Thursday, August 6, 2015

Peace and Comfort

On Saturday, August 1, the latest class of trainees were sent to the four island nations that Peace Corps supports in the eastern Caribbean. Eight of us were dispatched from St. Lucia--where we had spent our first seven weeks of training--via a catamaran passenger ferry to Dominica (pronounced "DomiNEEka" which helps avoid confusion with the Dominican Republic).

The ferry boat "Liberty" at its dock in Roseau.

As our ferry approached the capital city of Roseau, we could see in the port a huge white ship bedecked with red crosses. I watched in fascination as a helicopter circled and landed on the ship, just as we came into our dock. Once off the ferry (and through the gauntlet of international immigration and customs), I was able to confirm that the gigantic white ship was a U.S. Naval Hospital Ship named "Comfort."

I considered it to be a good omen to see this example of America's humanitarian efforts just as I started my own two year altruistic mission. I hoped the residents of Dominica and other Third World countries were as impressed with this giant floating hospital as I was.

Little did I know that first day on the island that I would later get the opportunity to take an inside tour of "Comfort." Although I was immediately moved in with my host family on the northern coast of the island, our pre-service training continues for the rest of August at the Peace Corps office in the capital. On Wednesday, our training schedule was juggled so that we could take the tour.

The pilots were constantly flying in and away from the ship, sometimes delivering supplies.

The JAG officer (what attorneys are called in the military--the acronym stands for Judge Advocate General) on the hospital ship is a former Peace Corps volunteer. After completing his service in Albania, he came back and went to law school. Because of his interest in international law that began with his Peace Corps experience, he decided to join the Navy's JAG program. He handles all sorts of legal issues in the ports they visit. In addition, he reached out to the Dominican Peace Corps office and offered the opportunity for a special tour.

The walk up was no problem for me, having done the New River Gorge BridgeWalk and the Nelson Rocks Via Ferrata. The picture below was a sign telling the various roles played by staff wearing different hats.

The Comfort is a former oil tanker that was converted in the 1970s into the largest U.S. floating hospital. It is currently on a six month tour of the Caribbean region, and was stopped in Dominica from July 28 to August 6. The ship itself can perform all sorts of medical services. However, most of the work is done on the island itself, where two examination sites were set up in a couple of the larger schools. Any patients who needed services not available at the examination sites were brought to the ship. All services were free of cost, and thousands of residents took advantage of this unique opportunity.

This CAT Scanner was in the Radiology Department. The beds below were in the main hospital area.

The ship is outfitted with the latest medical equipment, including high-tech operating rooms. It also is proud to possess the largest blood bank in the world (the staff of the ship donate regularly). In addition to the medical services, many of the sailors and non-medical staff spend their time in port performing charitable work, such as painting schools. It is quite an operation!

The black beds were in the recovery room area outside of the surgery area. In the picture below, I'm standing next to center of the ship.
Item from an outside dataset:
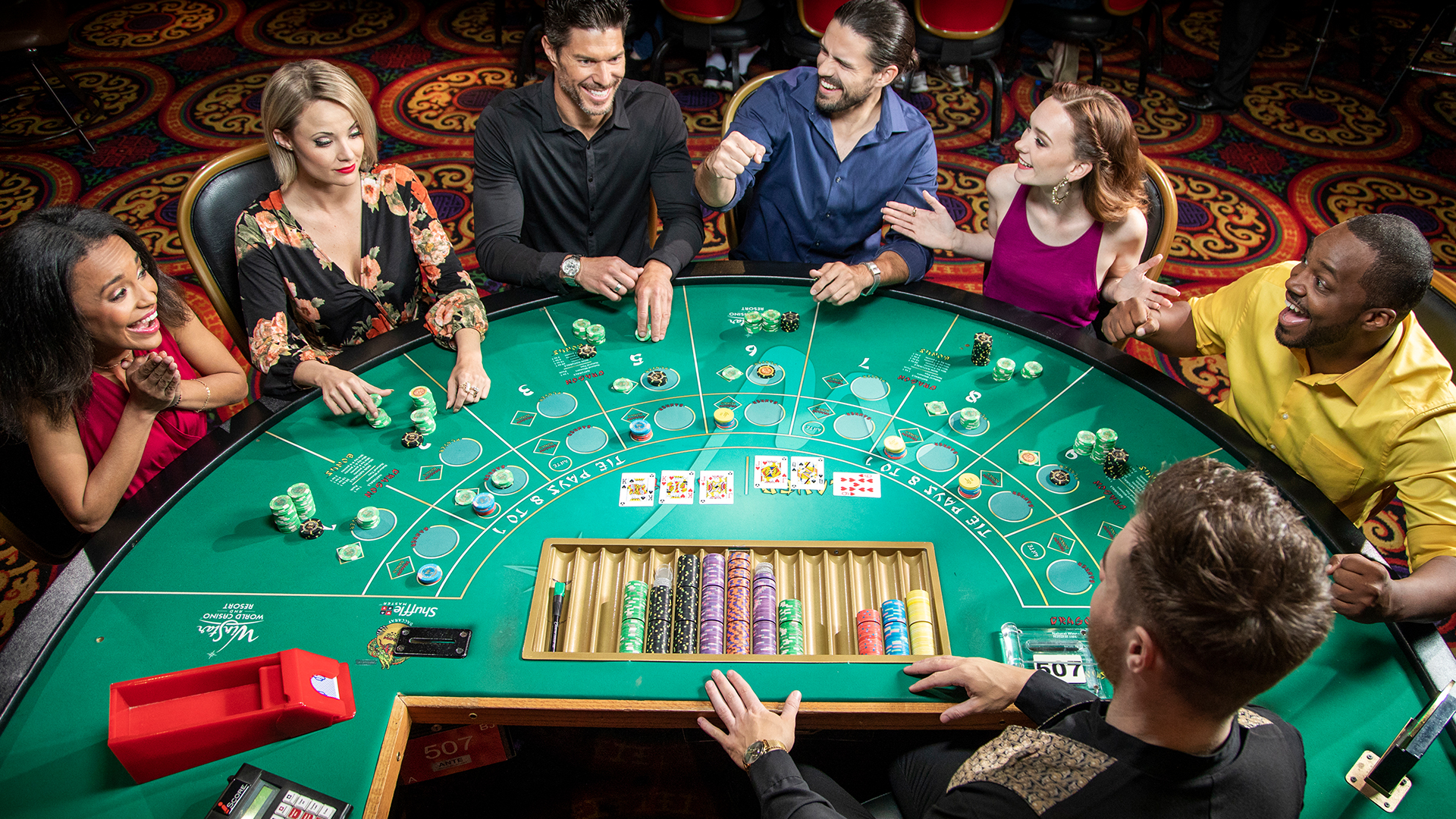 Cashing Around at Online casinos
The world often hears (quickly and loudly) about the negative things that sometimes involve the U.S. Government. Unfortunately, the good works done by the U.S. Naval Hospital Ship "Comfort" (or for that matter, the efforts of the Peace Corps) are rarely covered in the mainstream media. However, we are both hard at work in this little corner of the Third World, trying to do what we can to make things better (more peaceful and more comfortable). I'm sure the thousands who benefited from medical and dental care this week appreciate what American taxpayers provided to them. Given the religious nature of the people here, I bet there were many Dominicans who exclaimed "God bless the U.S.A.!" (even if they don't know the Lee Greenwood song).

A panoramic view of the port in the Dominican capital of Roseau, taken from the top of the ship.


  1. nice article David! I think you will find the PC very much appreciated on Dominica!

  2. David, It is so nice to see positive information about the impact the U.S is having on the world. Thank you for being a part of this effort!. I hope it is an amazing adventure for you.


  3. My favorite piece so far! What a fantastic opportunity! My wheels are turning on how I can make this happen with my hospital. If you have any contact info pls send to me on fb.